DATA_README.txt

************************************************************
*** folder 'joints':
This folder contains the HRNet extracted joints of each person of each clip on the Volleyball dataset. 
The folder structure after unzip is:
- video_id
  - clip_id.pickle
  
>>> import pickle
>>> with open('13286.pickle', 'rb') as f:
...     data = pickle.load(f)
... 
>>> type(data)
<class 'dict'>
>>> len(data)
20
>>> data.keys()
dict_keys([13276, 13277, 13278, 13279, 13280, 13281, 13282, 13283, 13284, 13285, 13286, 13287, 13288, 13289, 13290, 13291, 13292, 13293, 13294, 13295])
>>> type(data[13286])
<class 'numpy.ndarray'>
>>> data[13276].shape
(12, 17, 3)
Here, 12 indicates the number of persons per clip in Volleyball.
17 is the number of joints per person.
The last 3 dims are: [x_coord, y_coord, joint_type_class_id].
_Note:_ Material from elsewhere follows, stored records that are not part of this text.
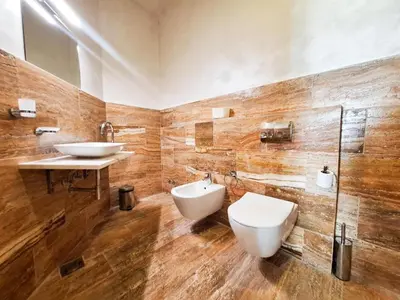 a bathroom with a toilet and a sink at Casa Oliva Villa A with heating pool in Budva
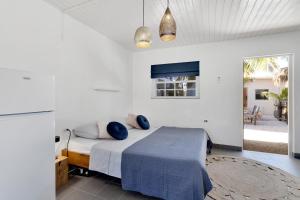 Un dormitorio con una cama con almohadas azules. en The Hut Bonaire en Kralendijk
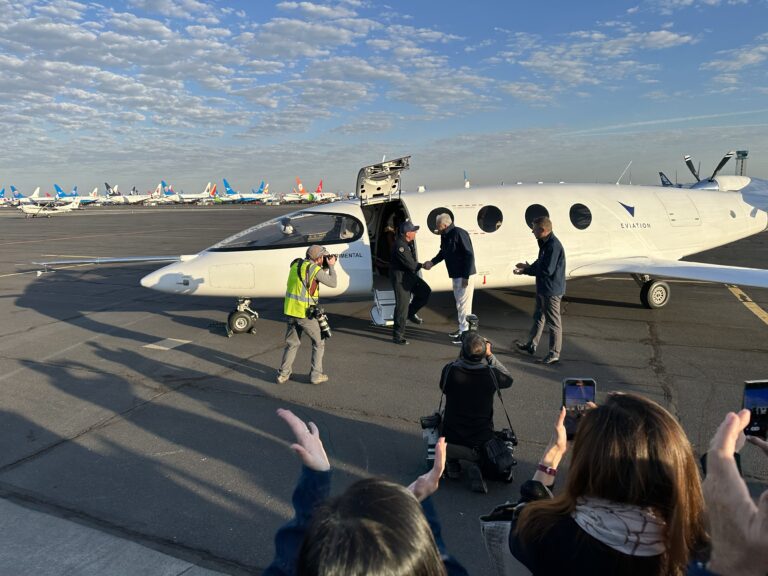 Well-wishers greet test pilot Steve Crane as he emerges from the cockpit.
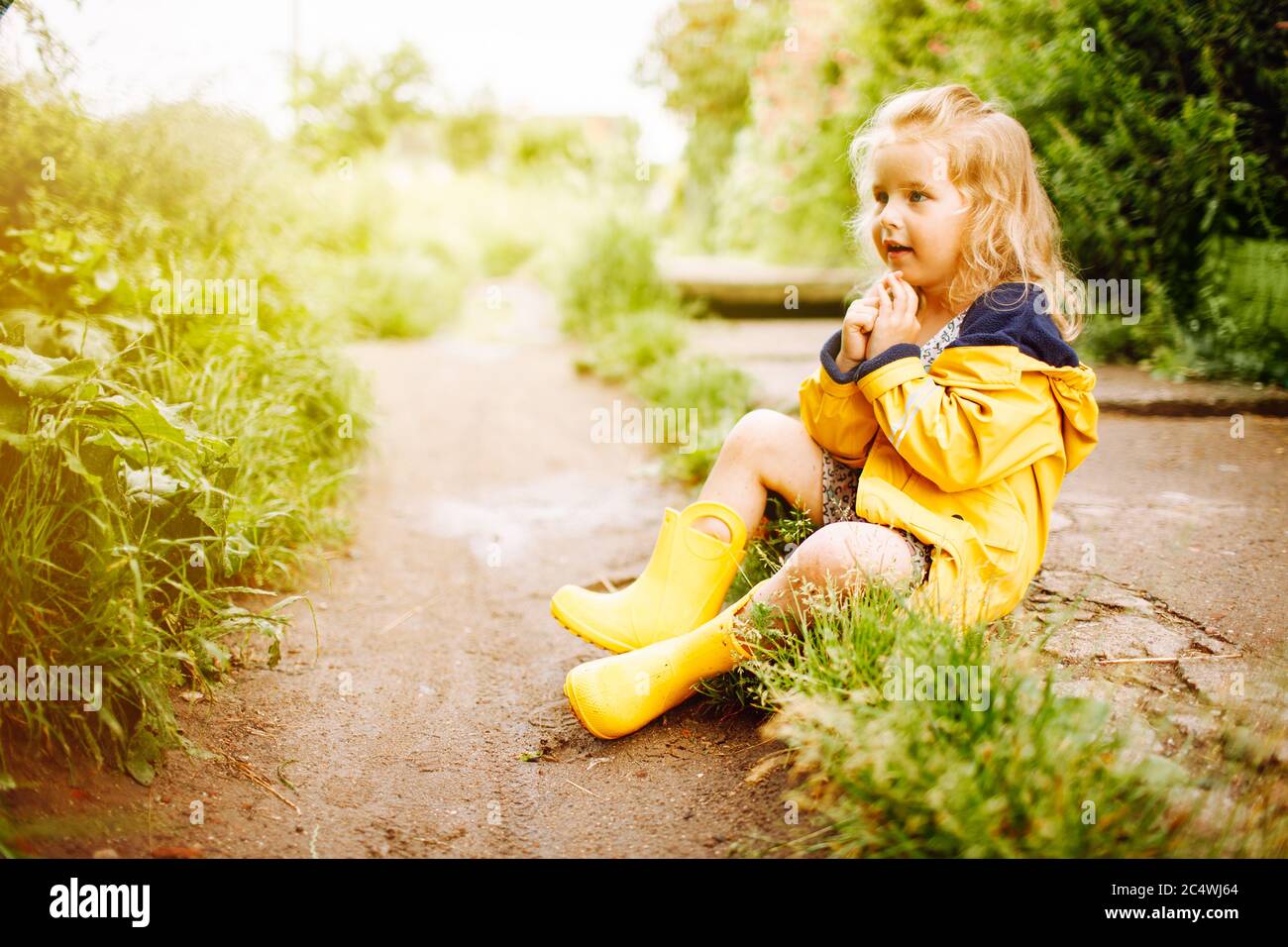 Una niña alegre con una camiseta amarilla se sienta en el suelo con las  piernas dobladas: fotografía de stock © Kulyashina #549053046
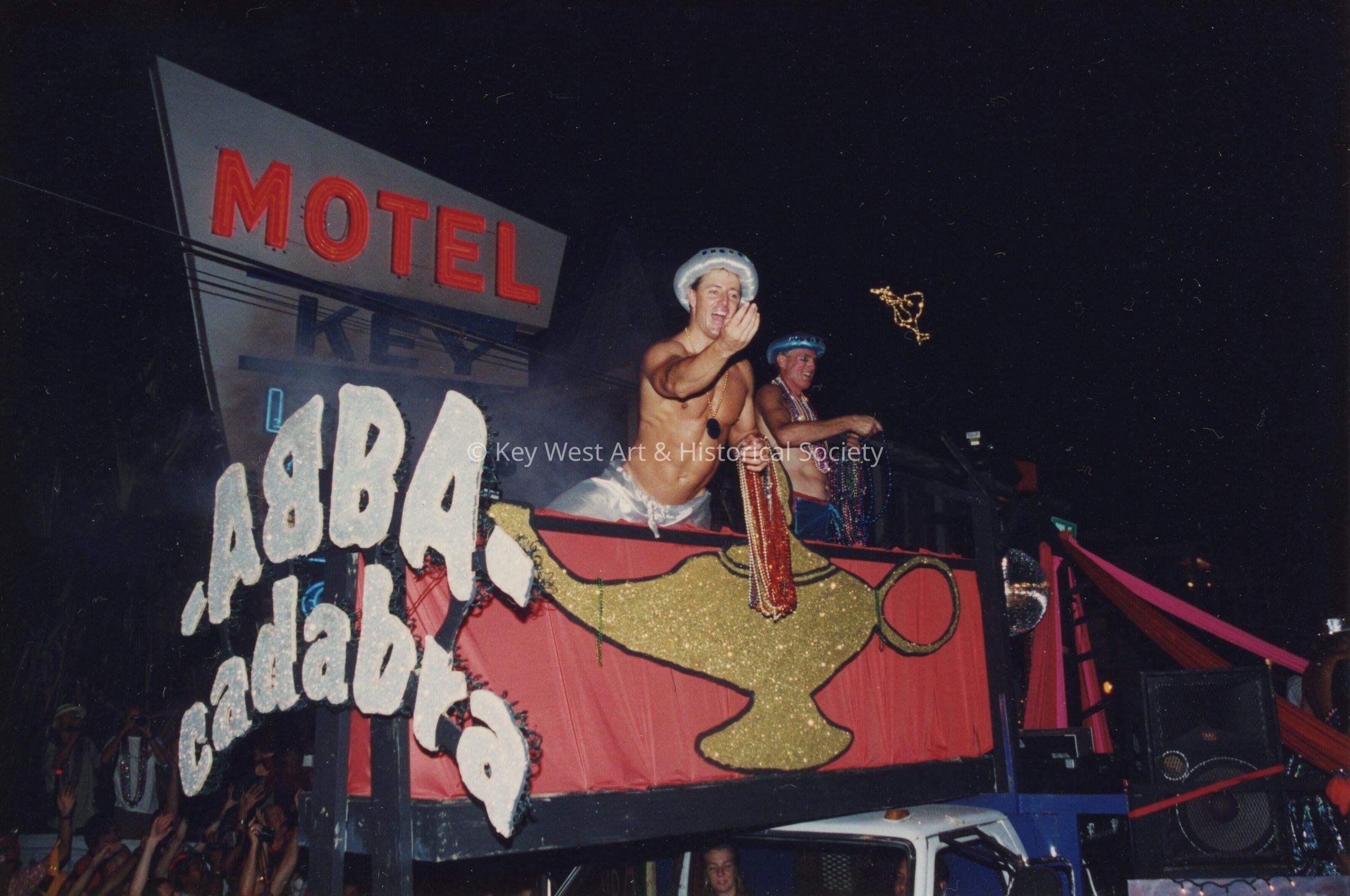 A float in the parade that reads Abba cadabra.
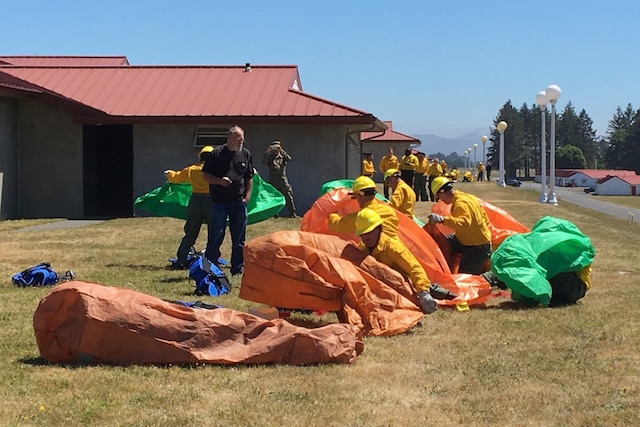 National Guardsmen train to set up emergency fire shelters.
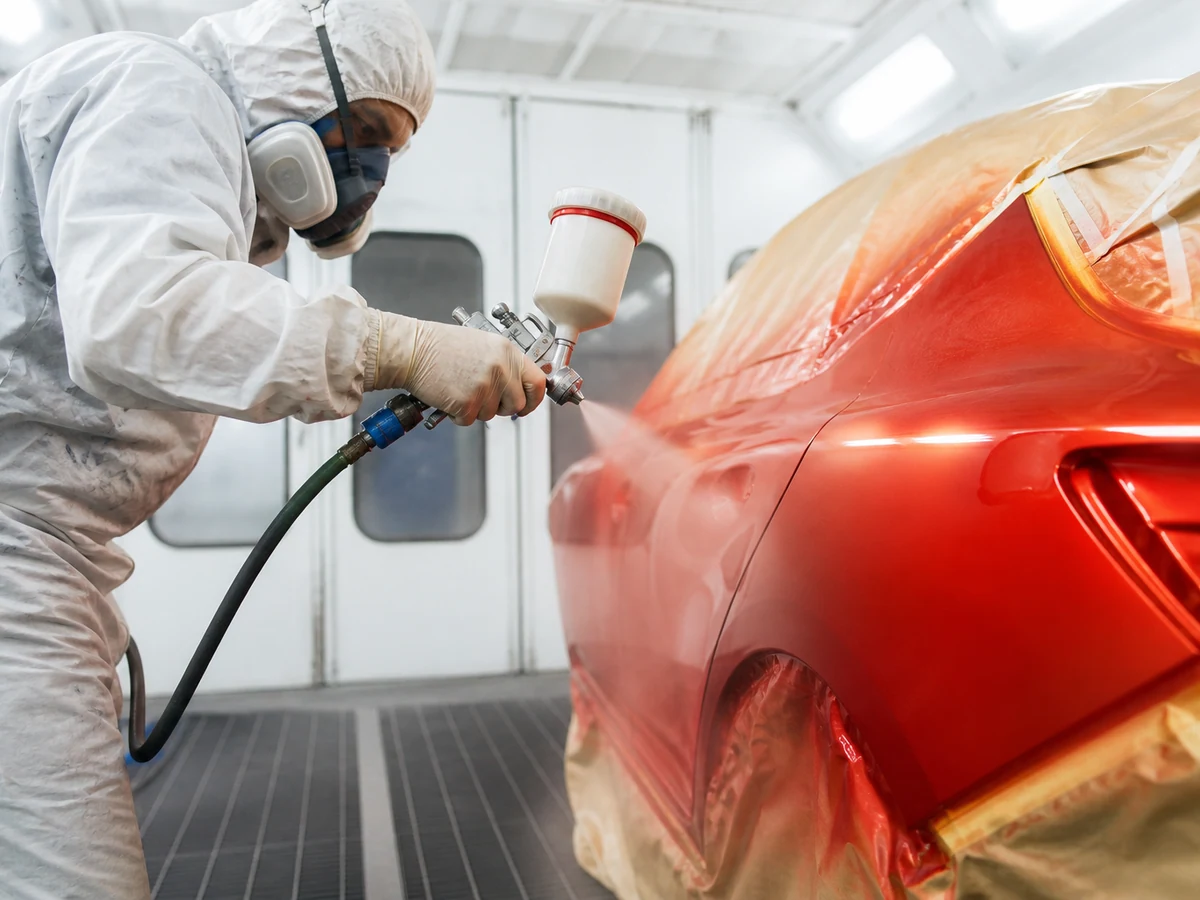 Car bodywork and paint spraying in a professional booth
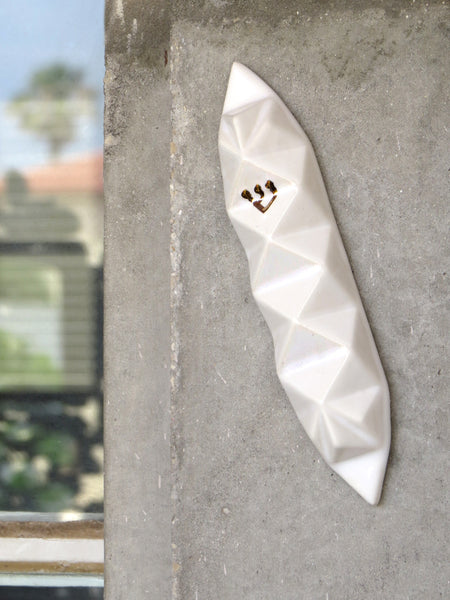Modern ceramic Mezuzah case, white with gold Shin, placed on a doorpost in 'Neve Tzedek', Tel Aviv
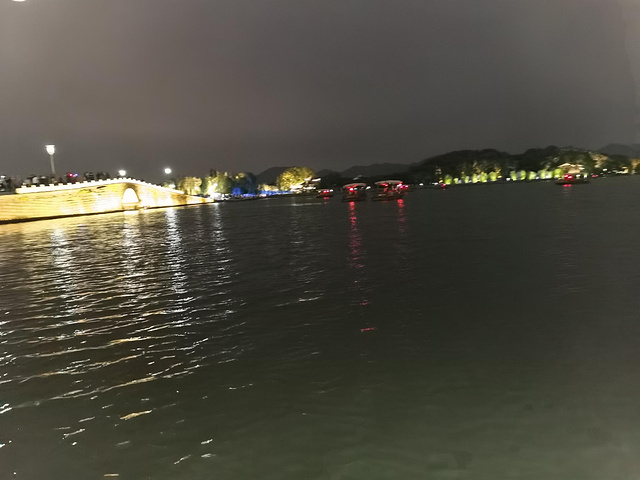 杭州西湖的夜晚不错啊.小朋友自己开船.对面是雷峰塔吧
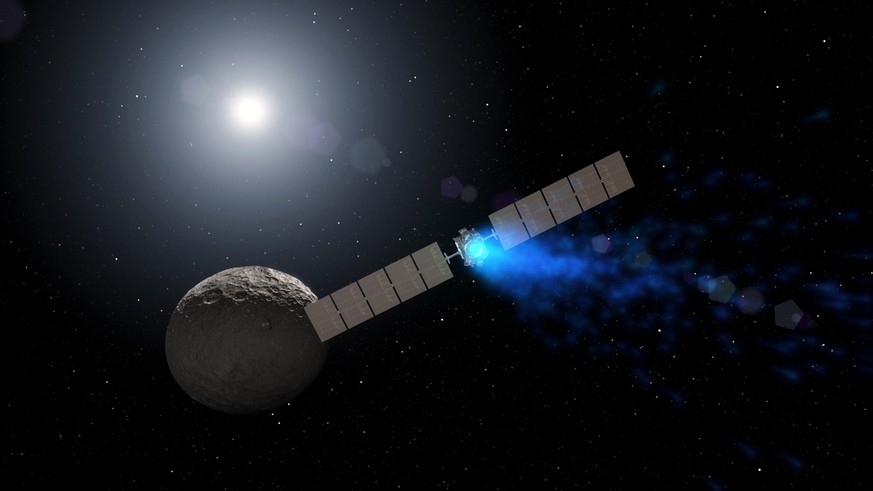 This artist rendering by NASA shows the Dawn spacecraft orbiting the dwarf planet Ceres. New findings presented at the American Geophysical Union meeting on Thursday, Dec. 15, 2016 show that ice can e ...
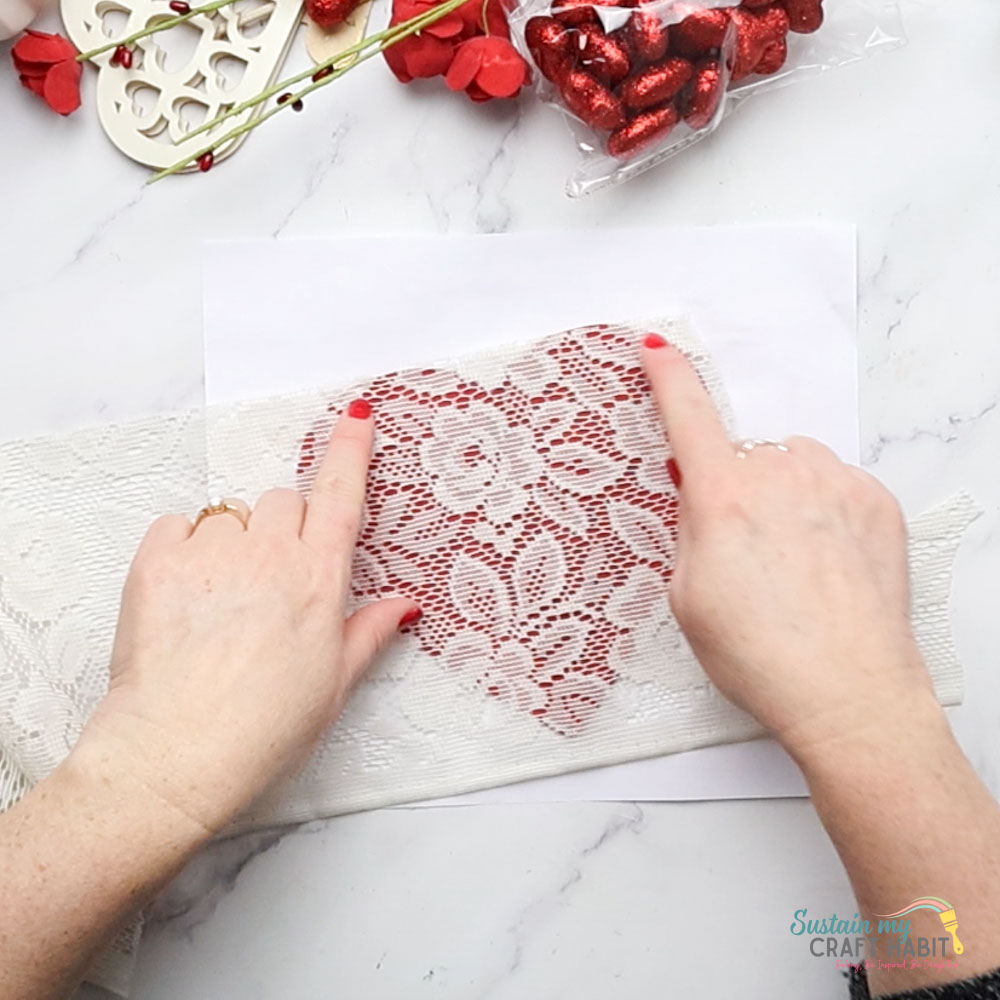 Gluing lace fabric onto a heart.
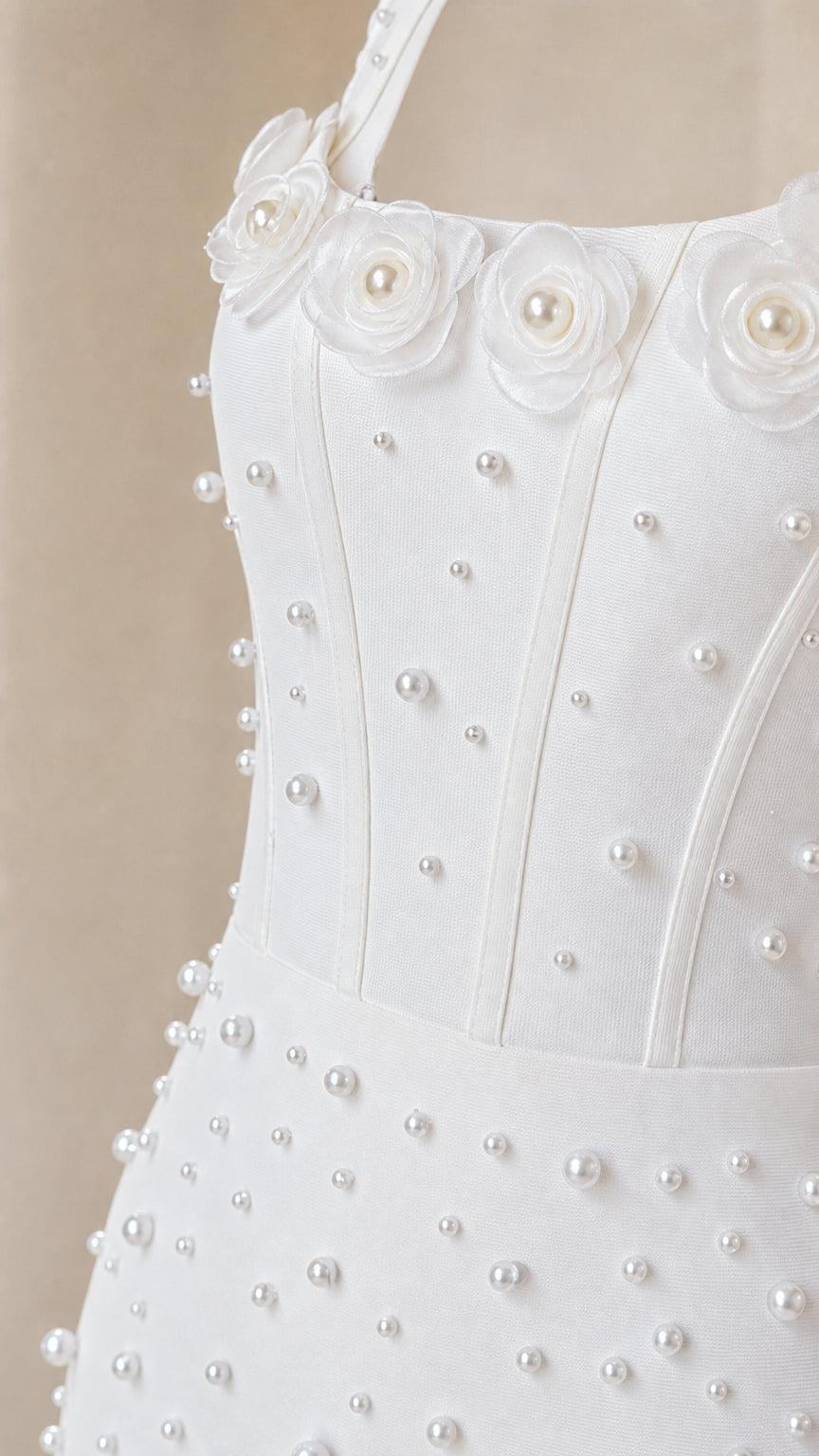 Close up of 3D rosette and pearl bodice details on white dress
The mapping between joint type and joint class id is:
COCO_KEYPOINT_INDEXES = {
    'nose': 0,
    'left_eye': 1,
    'right_eye': 2,
    'left_ear': 3,
    'right_ear': 4,
    'left_shoulder': 5,
    'right_shoulder': 6,
    'left_elbow': 7,
    'right_elbow': 8,
    'left_wrist': 9,
    'right_wrist': 10,
    'left_hip': 11,
    'right_hip': 12,
    'left_knee': 13,
    'right_knee': 14,
    'left_ankle': 15,
    'right_ankle': 16
}


************************************************************
*** file 'tracks_normalized.pkl' & file 'tracks_normalized_with_person_action_label.pkl':

>>> import pickle
>>> with open('tracks_normalized.pkl', 'rb') as f:
...     tracks = pickle.load(f)
... 
>>> with open('tracks_normalized_with_person_action_label.pkl', 'rb') as f:
...     actions = pickle.load(f)
... 

tracks[(8, 29165)][29166] is a numpy array in shape (N, 4) representing the bounding boxes of the N persons in the video 8 clip 29165 frame 29166 (in Volleyball N is 12).
actions[(8, 29165)][29166] is a numpy array in shape (N, 1) representing the action IDs of the N persons in the video 8 clip 29165 frame 29166.

Please note that tracks[(8, 29165)][29166][i], actions[(8, 29165)][29166][i] and skeleton_this_clip[29166][i] correspond to the same person!
Also, tracks[(8, 29165)][29166][i] and tracks[(8, 29165)][29167][i] correspond to one person since the file is tracked person bounding boxes.
 
The 4-dim based bounding box is normalized [y1, x1, y2, x2]. The following is how I would read the box and visualize the box on a frame (which might help you to understand the format): 
y1,x1,y2,x2 = box
box = [int(x1 * Frame_Width), int(y1 * Frame_Height), int(x2 * Frame_Width), int(y2 * Frame_Height)] 

The following is the mapping between person action class to action ID:
mapping = {
'N/A',: 0,
'blocking': 1,
'digging': 2,
'falling': 3,
'jumping': 4,
'moving': 5,
'setting': 6,
'spiking': 7
'standing': 8,
'waiting': 9
}

************************************************************
*** folder 'volleyball_ball_annotation':
We obtained the ball annotations from:
Perez, Mauricio, Jun Liu, and Alex C. Kot. "Skeleton-based relational reasoning for group activity analysis." Pattern Recognition 122 (2022): 108360.
There is a README.txt inside the folder.